New Thermonuclear Warheads

Bitter has the skinny on something that will make the hippies go mad:

The Energy Department will announce today a contract to develop the nation’s first new hydrogen bomb in two decades, involving a collaboration between three national weapons laboratories, The Times has learned.

The interesting thing about this new warhead is that it will be the first time any nation has deployed a nuclear weapon into the field that has never been tested anywhere except inside a supercomputer.  I work in the field of high performance computing, and we run a rather large one here at my place of business, doing molecular simulations.  Los Alamos, Livermore, and Sandia have supercomputer setups that make mine look like a toy.  Anyone familiar with what goes on inside a thermonuclear warhead understands what an impressive feat it is to be able to model things things thoroughly enough to have faith enough to stick it on the end of a missile and bet the country’s nuclear detterence on it.

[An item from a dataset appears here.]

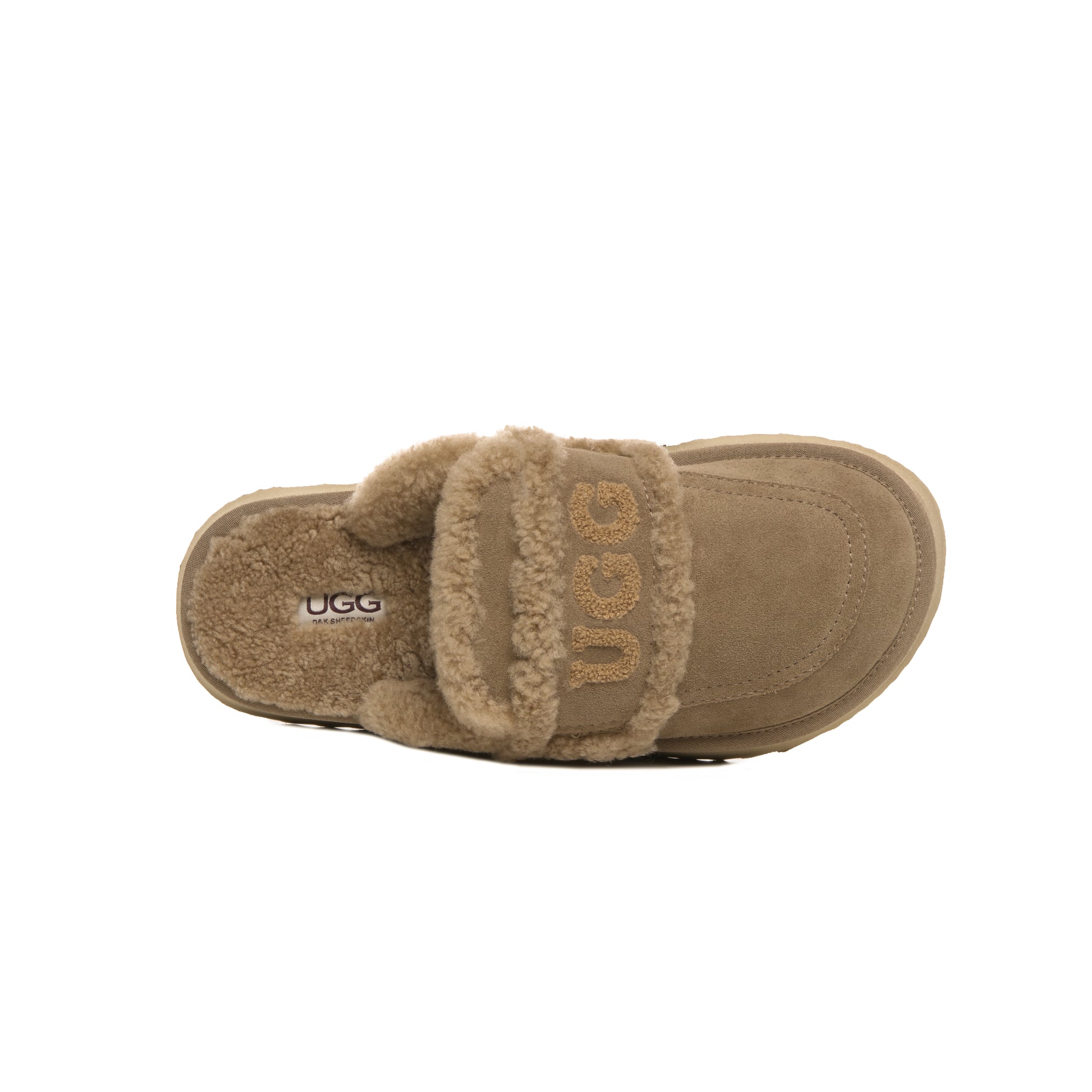 UGG AUS Sheepskin Wool Shearling Lined Platform Scuff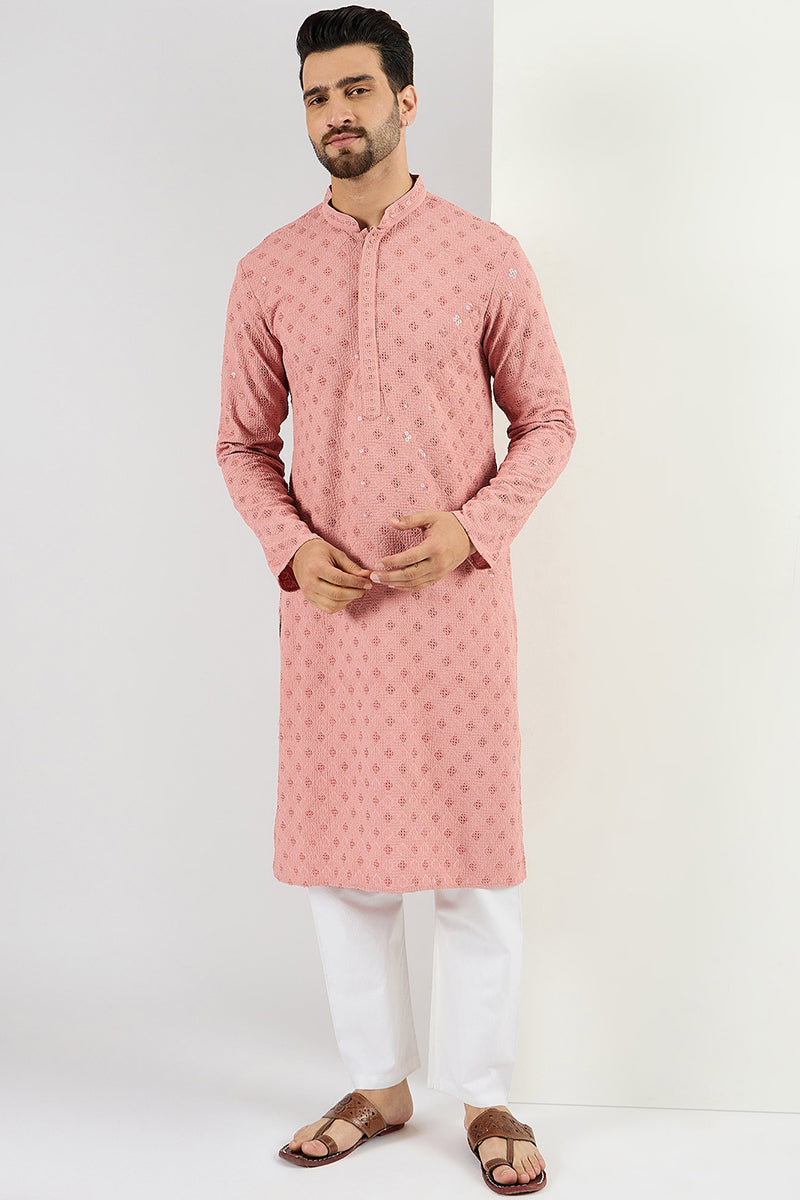 Pink Viscose Rayon Solid Embroidered Long Straight Kurta Fo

These warheads will not be adding to our arsenal, that will still continue to shrink.  But a lot has changed technologically since we last put a new device into the field.  These new devices will replace old ones, that are wearing out, and getting more and more difficult and expensive to keep in operational order.  New technology should make these new warheads cheaper to maintain and more reliable.

2 thoughts on “New Thermonuclear Warheads”

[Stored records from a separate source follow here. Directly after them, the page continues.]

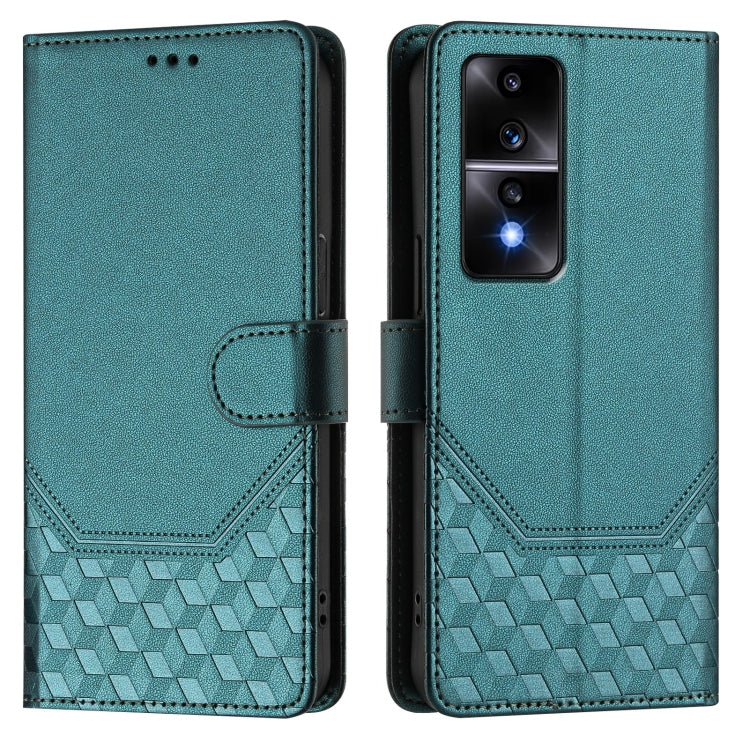 For Honor 80 GT 5G Honeycomb Embossing RFID Leather Phone Case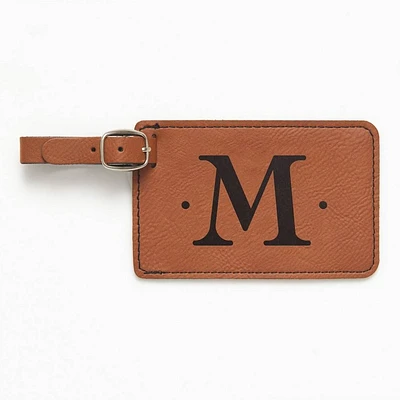 Single Initial Monogram Brown Luggage Tag
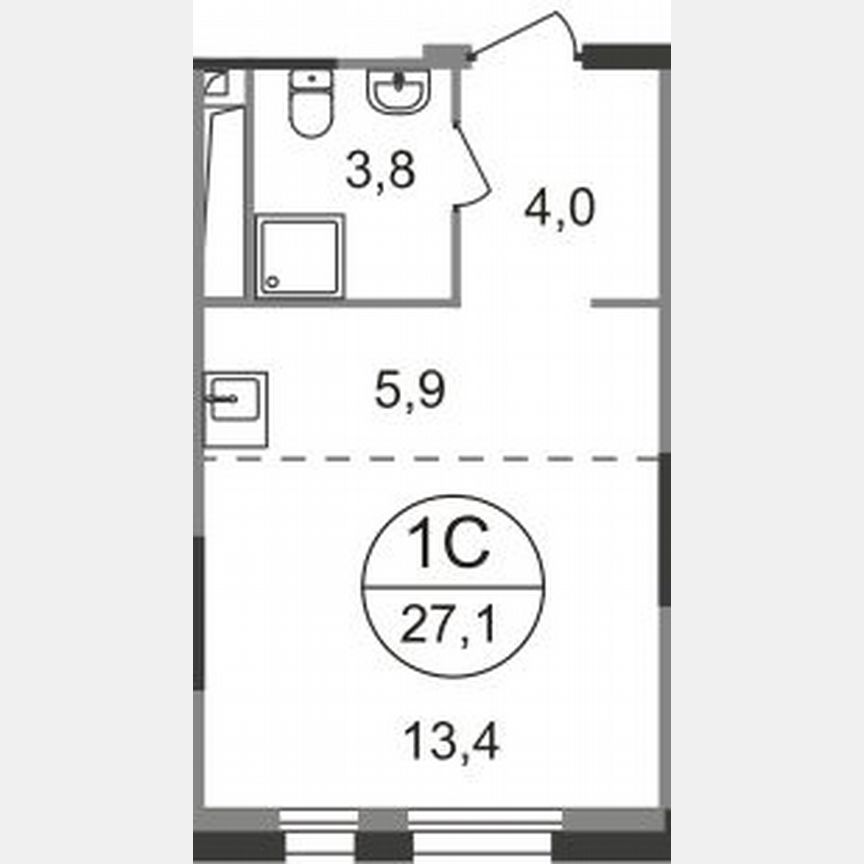 Квартира-студия, 27,1 м², 15/19 эт.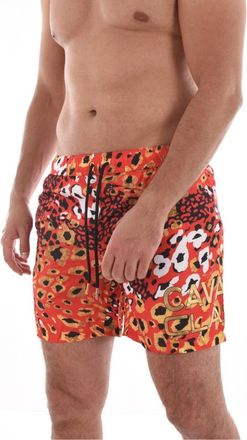 Cavalli Dierenprint Zwemshorts - Oranje - Heren - Strandmode - Veelkleurig - M - Polyester - Badmode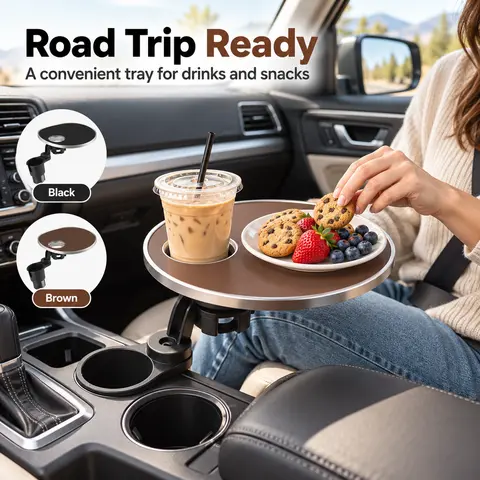 Car Floating Tray Table, Adjustable Mounted on Car Cup Slot with Round Table and Extra Cup Holder, for Holding Food Beverages in Vehicle During Trip
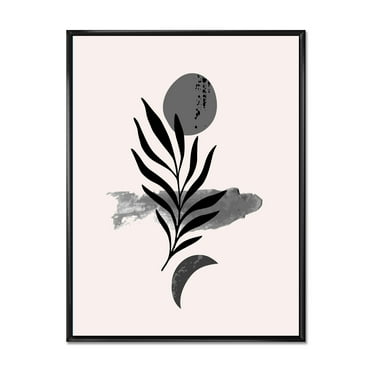 Designart 'Abstract Black Tropical Leaf II' Modern Framed Canvas Wall Art Print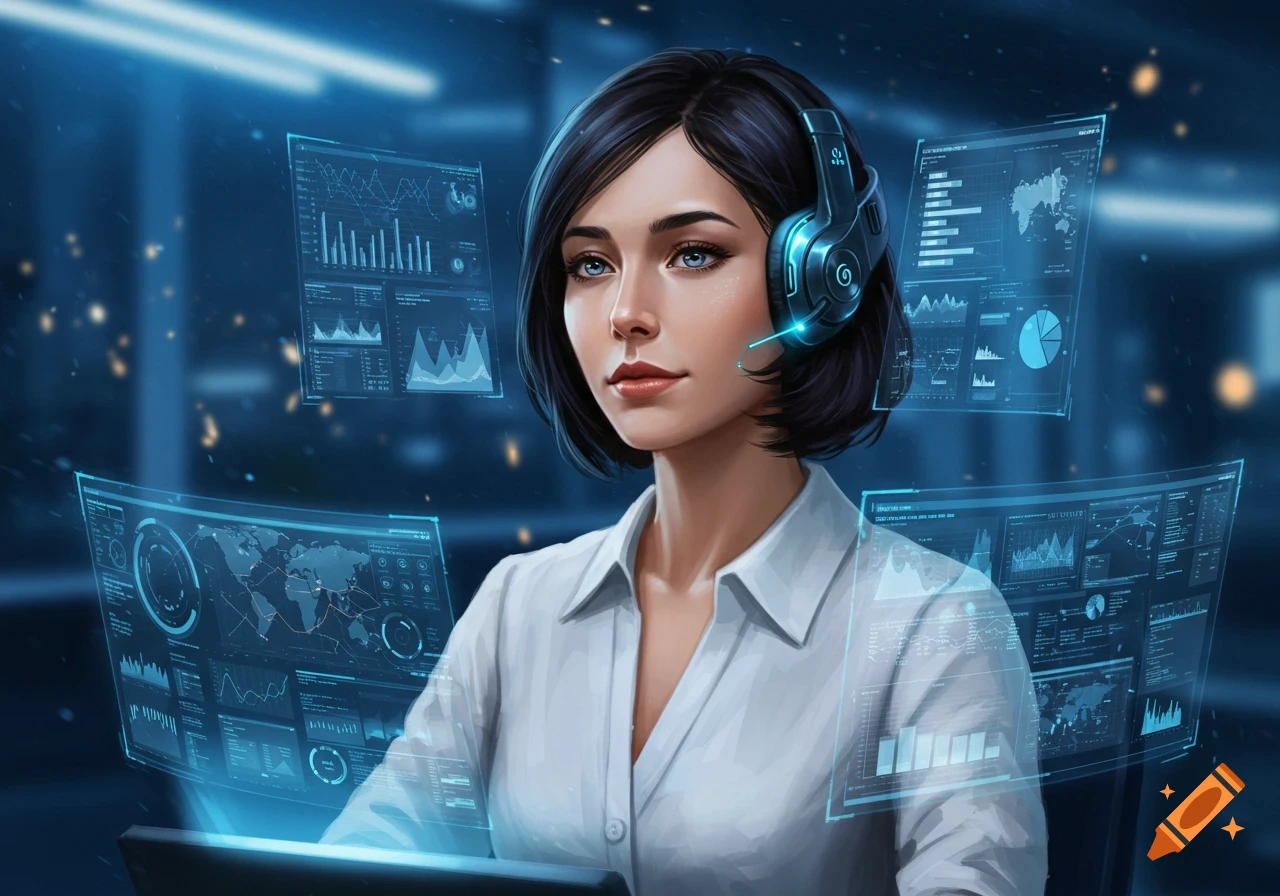A woman with a headset in a white shirt looks forward, surrounded by glowing blue holographic data screens with charts and maps.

  1. I suppose it’s always hard to justify strategic deterrence weapons, given if that they were ever used, we’d probably all die anway. It worked during the Cold War, but doesn’t seem as necessary during this “relative” peacetime.

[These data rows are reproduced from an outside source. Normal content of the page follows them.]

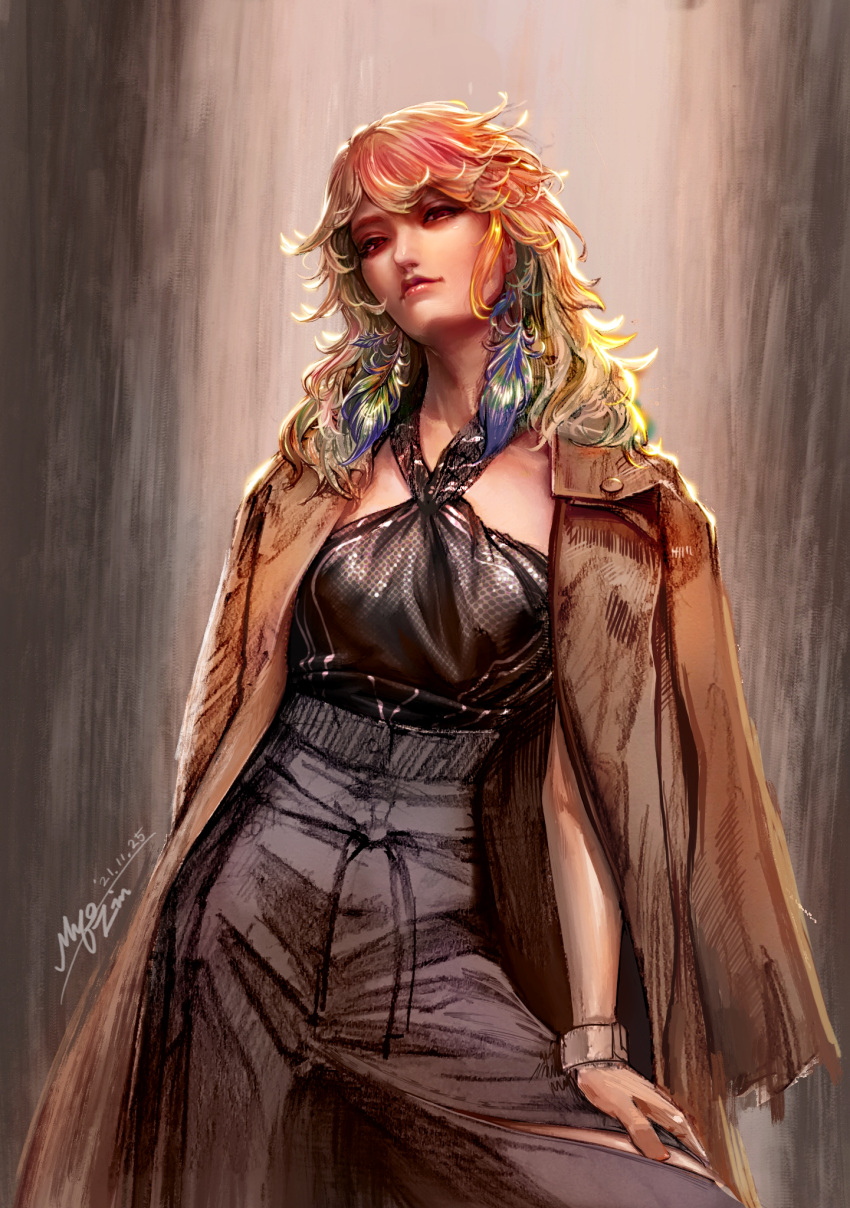 1girl arm_support backlighting bangs blonde_hair breasts brown_coat closed_mouth coat coat_on_shoulders contrapposto cowboy_shot earrings fashion feather_earrings feathers flipped_hair grey_pants halterneck highleg highres hololive hololive_english jewelry leaning_to_the_side lips long_hair long_sleeves multicolored_hair myo-zin orange_hair pants redhead signature smile smirk solo takanashi_kiara torn_clothes torn_pants virtual_youtuber watch watch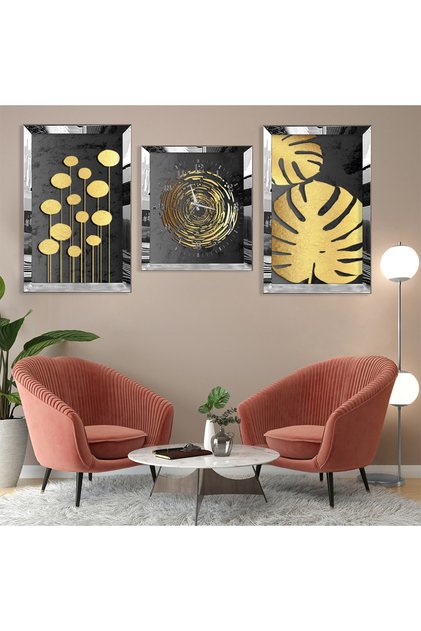 Abstract Pattern Leaf Silver Plexi Edge Triple Mdf Table Set And Clock Set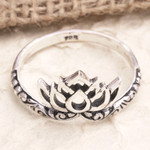 Sterling silver band ring, 'Floral Rebirth' - Sterling Silver Band Ring with Lotus Flower Motif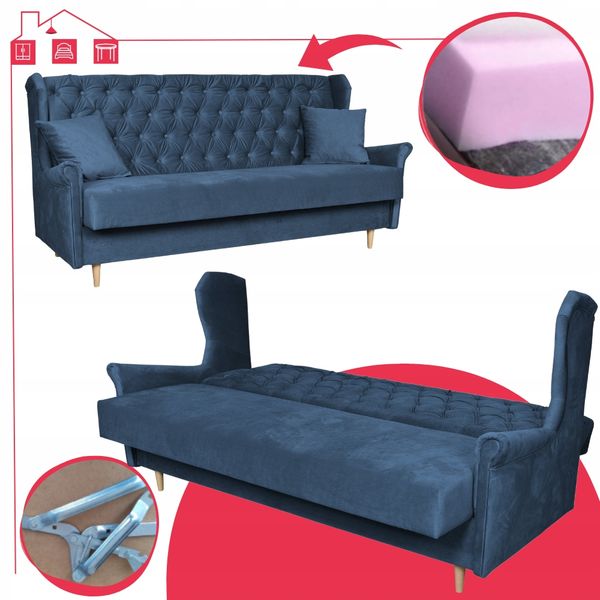 Wersalka niebieska uszak SOFA z funkcją spania welur GAJA Family Meble zdjęcie 15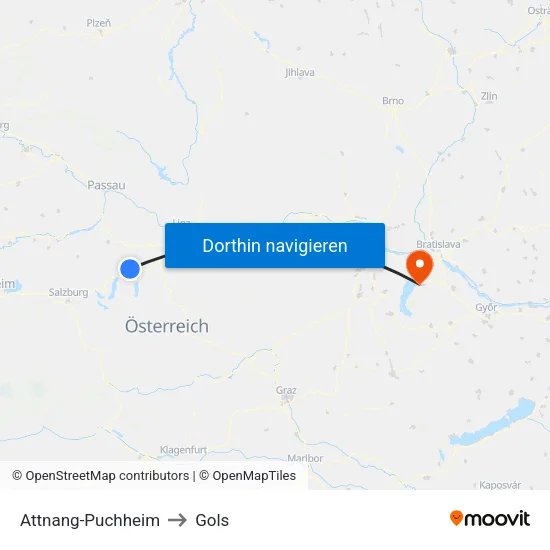 Attnang-Puchheim to Gols map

    Tactical nuclear warheads, on the other hand, could be quite useful. If we used them as cluster bombs, I wonder if they could also serve as strategic deterrence… But it probably wouldn’t be as efficient as stronger bombs.

  2. i could be wrong, of course, but somehow it wouldn’t surprise me if this new design was built specifically for a low maintenance requirement, ease of maintenance, and wide parts compatibility with… uh… whatever else might possibly use parts that also go into h-bombs. i suppose if it’s done right, building and fielding these might actually save the country money in the long run, even. (ISTR hearing a rumour that keeping up the current nuclear deterrence costs the pentagon some ungodly chunk of change per annum. if we’re not gonna give the nukes up — and even *i* think that’d be stupid — then making ’em cheaper to keep seems a good move.)